The concept of blessing is ancient and found in many cultures. We can learn and appropriate the Jewish tradition of blessing for our own use in modern Western cultural contexts. If we get a blessing from our parents, we can be a source of blessing to others and ourselves. Families that withhold or deny blessings are very hurtful to their children.

Blessing is well documented in the Middle East. In ancient Jewish culture, blessing was part of daily and weekly life. Before children could walk, they received blessings from their parents, on the Sabbath, and other holy days. It was actually the duty of parents to bless their children. It was then the duty of the rabbis to bless the children on Sabbath, feast, and other holy days. A family blessing is important to communicate a sense of identity, meaning, love, and acceptance. Many orthodox Jewish families give their children a weekly blessing by candlelight. They speak special words of love and acceptance for each child.
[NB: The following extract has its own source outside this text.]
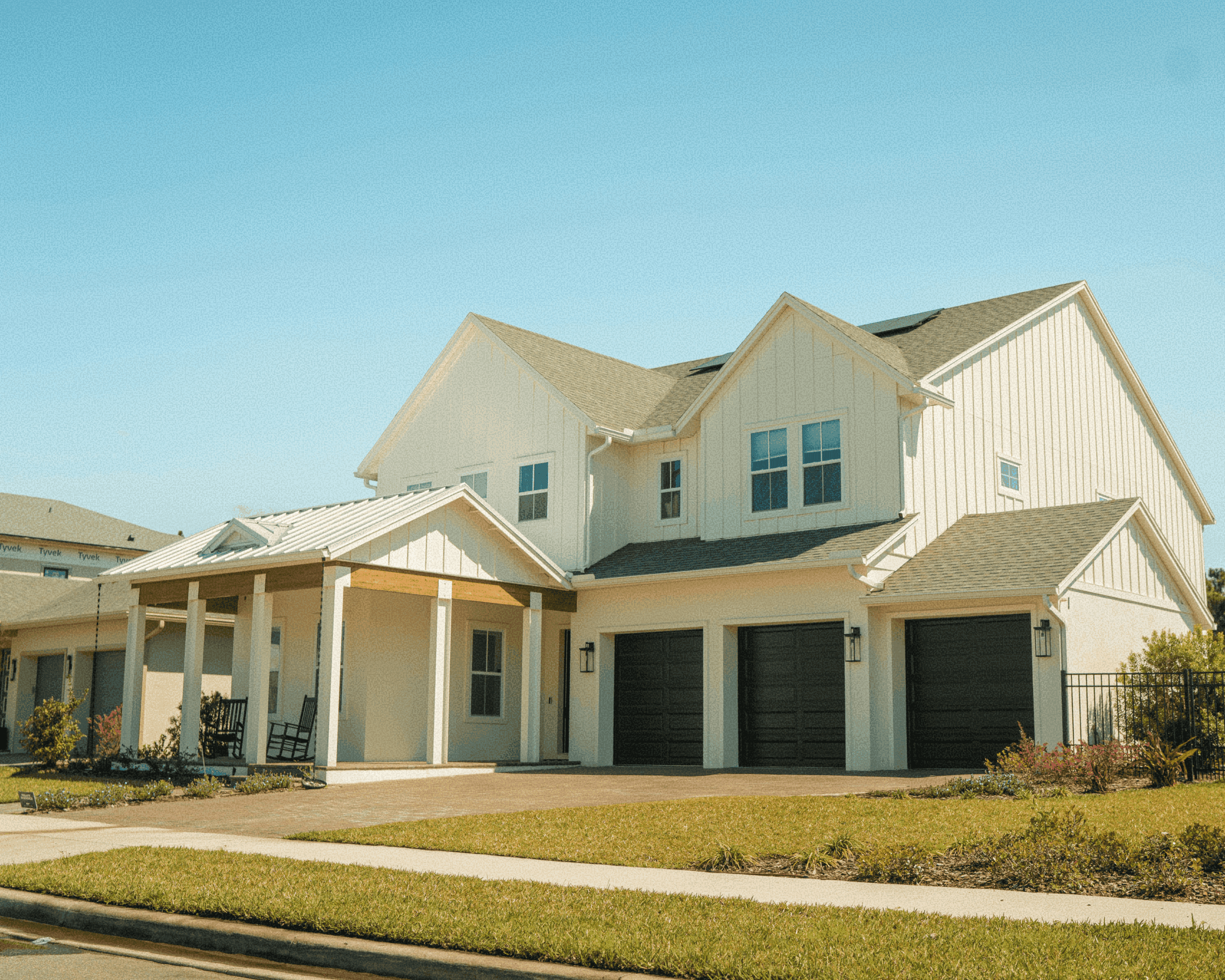 Modern farmhouse style real estate listing featuring a two-story home with white board and batten siding, a metal roof front porch, and a three-car garage with black doors.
I have listened to many people over the years when their families reject them. I wonder if parents truly understand the pain caused when a blessing is denied their children. People are denied parental blessing for many reasons. Perhaps a desperate woman had an abortion, or another has taken drugs. Many parents from abusive homes never received a blessing themselves and pass on their destructive behaviors to the next generation. Denied blessing can lead to desperate and destructive behaviors as people look for love in all the wrong places.

The six most healing words in the world are "God bless you" and "I love you." When was the last time we spoke those words to someone in our family? When was the last time we shared these words with friends? Have we denied someone their blessing through our words or actions?

God, even if others may have denied me a blessing, help me bless them. Amen.